## Requirement
Output only the lines below from the one containing "Visual representation of" to the one containing "Geographical Norway Steppjacke", exactly as written, both ends kept.

────────────────

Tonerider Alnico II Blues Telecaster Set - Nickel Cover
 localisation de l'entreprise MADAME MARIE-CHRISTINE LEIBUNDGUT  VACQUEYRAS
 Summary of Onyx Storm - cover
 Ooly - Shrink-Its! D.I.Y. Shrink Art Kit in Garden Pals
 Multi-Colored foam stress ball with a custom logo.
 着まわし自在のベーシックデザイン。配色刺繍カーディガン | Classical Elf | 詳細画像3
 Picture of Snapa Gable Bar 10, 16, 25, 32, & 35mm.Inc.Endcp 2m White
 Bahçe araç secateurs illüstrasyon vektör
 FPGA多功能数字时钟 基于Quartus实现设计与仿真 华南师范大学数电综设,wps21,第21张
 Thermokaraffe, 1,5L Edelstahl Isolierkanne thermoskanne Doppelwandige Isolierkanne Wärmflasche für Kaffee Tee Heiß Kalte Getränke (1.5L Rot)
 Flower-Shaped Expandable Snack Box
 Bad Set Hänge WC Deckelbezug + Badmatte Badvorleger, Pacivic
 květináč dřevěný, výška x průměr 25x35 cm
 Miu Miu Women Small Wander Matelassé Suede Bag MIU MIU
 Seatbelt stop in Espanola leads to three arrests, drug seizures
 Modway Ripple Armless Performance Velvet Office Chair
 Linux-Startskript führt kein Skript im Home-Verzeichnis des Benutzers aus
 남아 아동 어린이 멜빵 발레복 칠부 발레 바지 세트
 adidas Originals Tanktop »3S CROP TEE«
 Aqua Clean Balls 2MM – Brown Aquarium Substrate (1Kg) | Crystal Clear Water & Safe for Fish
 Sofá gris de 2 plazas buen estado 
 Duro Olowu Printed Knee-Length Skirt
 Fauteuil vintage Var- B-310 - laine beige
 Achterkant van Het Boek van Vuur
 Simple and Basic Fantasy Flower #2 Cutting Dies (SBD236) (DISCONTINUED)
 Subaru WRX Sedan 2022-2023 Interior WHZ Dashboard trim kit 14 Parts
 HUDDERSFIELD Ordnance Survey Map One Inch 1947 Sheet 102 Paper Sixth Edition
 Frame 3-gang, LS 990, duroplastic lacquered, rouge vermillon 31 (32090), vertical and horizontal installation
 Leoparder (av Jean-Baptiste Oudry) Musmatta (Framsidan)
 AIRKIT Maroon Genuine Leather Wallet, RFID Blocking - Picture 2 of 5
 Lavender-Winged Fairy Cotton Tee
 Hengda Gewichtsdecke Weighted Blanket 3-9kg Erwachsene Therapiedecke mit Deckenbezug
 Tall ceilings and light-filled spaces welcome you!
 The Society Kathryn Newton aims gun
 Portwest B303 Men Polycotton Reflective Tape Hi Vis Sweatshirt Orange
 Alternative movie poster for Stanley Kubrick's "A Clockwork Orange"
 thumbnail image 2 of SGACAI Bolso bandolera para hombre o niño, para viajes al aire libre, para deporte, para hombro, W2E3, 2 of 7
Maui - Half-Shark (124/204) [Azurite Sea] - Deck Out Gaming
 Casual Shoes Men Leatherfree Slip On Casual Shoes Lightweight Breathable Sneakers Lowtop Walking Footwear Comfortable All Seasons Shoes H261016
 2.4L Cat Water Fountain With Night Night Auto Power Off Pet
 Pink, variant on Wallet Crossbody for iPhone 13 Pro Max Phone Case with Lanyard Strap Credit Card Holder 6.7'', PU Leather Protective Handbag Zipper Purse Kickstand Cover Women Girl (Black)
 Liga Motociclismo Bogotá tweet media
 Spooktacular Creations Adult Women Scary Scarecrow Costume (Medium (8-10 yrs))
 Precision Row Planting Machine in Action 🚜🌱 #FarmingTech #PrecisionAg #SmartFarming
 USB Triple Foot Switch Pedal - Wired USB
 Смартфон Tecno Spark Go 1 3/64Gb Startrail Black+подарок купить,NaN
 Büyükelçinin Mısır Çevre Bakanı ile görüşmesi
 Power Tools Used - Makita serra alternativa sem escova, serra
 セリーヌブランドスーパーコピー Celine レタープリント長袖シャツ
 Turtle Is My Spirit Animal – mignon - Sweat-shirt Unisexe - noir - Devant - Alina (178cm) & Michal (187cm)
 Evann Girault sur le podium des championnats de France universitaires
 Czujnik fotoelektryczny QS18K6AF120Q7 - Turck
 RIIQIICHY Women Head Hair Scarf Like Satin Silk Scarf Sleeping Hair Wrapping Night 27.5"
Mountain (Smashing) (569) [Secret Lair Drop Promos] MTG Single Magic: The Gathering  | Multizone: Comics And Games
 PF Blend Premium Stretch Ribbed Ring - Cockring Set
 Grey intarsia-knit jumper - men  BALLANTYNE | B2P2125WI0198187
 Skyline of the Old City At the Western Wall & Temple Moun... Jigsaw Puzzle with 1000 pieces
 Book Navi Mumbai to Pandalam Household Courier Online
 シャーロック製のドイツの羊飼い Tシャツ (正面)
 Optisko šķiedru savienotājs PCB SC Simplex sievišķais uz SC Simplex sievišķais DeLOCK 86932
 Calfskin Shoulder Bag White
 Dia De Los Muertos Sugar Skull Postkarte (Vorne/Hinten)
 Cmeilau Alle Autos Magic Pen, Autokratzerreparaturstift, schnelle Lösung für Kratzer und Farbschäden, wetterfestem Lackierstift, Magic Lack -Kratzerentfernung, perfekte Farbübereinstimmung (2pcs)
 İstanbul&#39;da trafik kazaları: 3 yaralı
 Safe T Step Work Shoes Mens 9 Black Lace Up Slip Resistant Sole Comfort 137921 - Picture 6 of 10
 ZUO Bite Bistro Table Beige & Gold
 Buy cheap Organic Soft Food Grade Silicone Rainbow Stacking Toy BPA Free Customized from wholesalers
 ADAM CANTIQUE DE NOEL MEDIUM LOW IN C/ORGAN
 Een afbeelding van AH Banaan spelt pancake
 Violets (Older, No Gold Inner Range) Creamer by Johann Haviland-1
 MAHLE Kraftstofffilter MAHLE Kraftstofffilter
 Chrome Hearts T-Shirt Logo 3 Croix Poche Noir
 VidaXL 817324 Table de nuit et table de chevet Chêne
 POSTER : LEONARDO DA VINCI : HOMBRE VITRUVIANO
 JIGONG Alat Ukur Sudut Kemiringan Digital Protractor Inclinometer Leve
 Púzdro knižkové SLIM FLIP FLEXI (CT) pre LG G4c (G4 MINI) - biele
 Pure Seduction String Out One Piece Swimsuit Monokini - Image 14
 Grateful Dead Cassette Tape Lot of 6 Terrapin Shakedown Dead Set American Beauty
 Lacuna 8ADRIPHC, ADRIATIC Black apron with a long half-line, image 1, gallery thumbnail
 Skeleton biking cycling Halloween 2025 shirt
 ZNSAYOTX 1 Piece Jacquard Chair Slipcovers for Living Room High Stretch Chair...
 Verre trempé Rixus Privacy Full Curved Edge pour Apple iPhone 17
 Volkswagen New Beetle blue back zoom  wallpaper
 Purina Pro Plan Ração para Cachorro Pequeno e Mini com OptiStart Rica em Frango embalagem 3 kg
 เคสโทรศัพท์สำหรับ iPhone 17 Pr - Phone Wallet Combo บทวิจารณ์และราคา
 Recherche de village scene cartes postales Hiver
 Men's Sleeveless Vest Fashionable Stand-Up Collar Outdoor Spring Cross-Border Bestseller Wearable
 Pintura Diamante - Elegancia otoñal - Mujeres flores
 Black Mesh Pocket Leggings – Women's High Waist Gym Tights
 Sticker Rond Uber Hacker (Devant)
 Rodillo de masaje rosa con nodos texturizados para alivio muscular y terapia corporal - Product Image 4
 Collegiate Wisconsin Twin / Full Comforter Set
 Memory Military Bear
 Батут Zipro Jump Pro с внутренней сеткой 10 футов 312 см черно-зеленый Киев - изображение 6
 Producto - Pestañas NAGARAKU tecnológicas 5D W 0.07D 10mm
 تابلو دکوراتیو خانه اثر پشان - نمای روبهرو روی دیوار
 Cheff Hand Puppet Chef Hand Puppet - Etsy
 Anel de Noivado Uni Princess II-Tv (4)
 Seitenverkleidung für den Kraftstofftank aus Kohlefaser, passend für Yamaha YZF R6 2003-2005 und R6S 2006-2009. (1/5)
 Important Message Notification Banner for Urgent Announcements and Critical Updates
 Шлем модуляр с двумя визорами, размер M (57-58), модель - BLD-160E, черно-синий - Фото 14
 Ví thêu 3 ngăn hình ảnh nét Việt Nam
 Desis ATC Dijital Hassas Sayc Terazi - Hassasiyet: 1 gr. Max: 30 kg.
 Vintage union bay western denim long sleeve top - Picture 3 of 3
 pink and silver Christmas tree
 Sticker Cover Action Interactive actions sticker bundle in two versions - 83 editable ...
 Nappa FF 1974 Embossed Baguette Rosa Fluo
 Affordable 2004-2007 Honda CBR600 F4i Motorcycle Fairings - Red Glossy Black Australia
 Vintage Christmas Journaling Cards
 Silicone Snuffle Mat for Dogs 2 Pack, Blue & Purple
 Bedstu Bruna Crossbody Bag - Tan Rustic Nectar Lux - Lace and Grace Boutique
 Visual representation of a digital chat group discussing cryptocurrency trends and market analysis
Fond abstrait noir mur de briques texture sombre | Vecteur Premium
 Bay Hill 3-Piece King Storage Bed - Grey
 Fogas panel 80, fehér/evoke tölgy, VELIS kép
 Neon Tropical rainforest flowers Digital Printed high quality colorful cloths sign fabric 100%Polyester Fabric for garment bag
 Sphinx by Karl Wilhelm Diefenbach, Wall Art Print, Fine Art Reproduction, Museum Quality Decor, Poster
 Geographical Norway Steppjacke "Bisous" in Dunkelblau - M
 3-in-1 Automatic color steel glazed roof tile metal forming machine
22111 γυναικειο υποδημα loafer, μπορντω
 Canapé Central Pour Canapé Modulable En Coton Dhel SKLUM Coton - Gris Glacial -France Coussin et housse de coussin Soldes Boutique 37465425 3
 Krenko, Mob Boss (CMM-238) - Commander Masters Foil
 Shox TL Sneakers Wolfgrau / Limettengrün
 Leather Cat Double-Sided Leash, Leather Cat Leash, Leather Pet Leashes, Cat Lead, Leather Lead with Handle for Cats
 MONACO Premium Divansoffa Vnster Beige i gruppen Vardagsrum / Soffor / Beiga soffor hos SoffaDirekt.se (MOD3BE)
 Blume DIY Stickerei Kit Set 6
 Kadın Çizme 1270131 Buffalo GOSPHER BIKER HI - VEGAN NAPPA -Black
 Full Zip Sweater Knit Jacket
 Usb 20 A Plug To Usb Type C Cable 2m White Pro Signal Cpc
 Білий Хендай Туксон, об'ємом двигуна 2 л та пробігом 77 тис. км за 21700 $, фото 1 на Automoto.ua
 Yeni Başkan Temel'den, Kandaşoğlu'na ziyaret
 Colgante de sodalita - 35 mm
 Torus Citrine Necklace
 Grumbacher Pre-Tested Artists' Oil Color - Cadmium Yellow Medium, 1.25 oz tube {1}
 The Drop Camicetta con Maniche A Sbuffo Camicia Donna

────────────────

## Answer space
 Visual representation of a digital chat group discussing cryptocurrency trends and market analysis
Fond abstrait noir mur de briques texture sombre | Vecteur Premium
 Bay Hill 3-Piece King Storage Bed - Grey
 Fogas panel 80, fehér/evoke tölgy, VELIS kép
 Neon Tropical rainforest flowers Digital Printed high quality colorful cloths sign fabric 100%Polyester Fabric for garment bag
 Sphinx by Karl Wilhelm Diefenbach, Wall Art Print, Fine Art Reproduction, Museum Quality Decor, Poster
 Geographical Norway Steppjacke "Bisous" in Dunkelblau - M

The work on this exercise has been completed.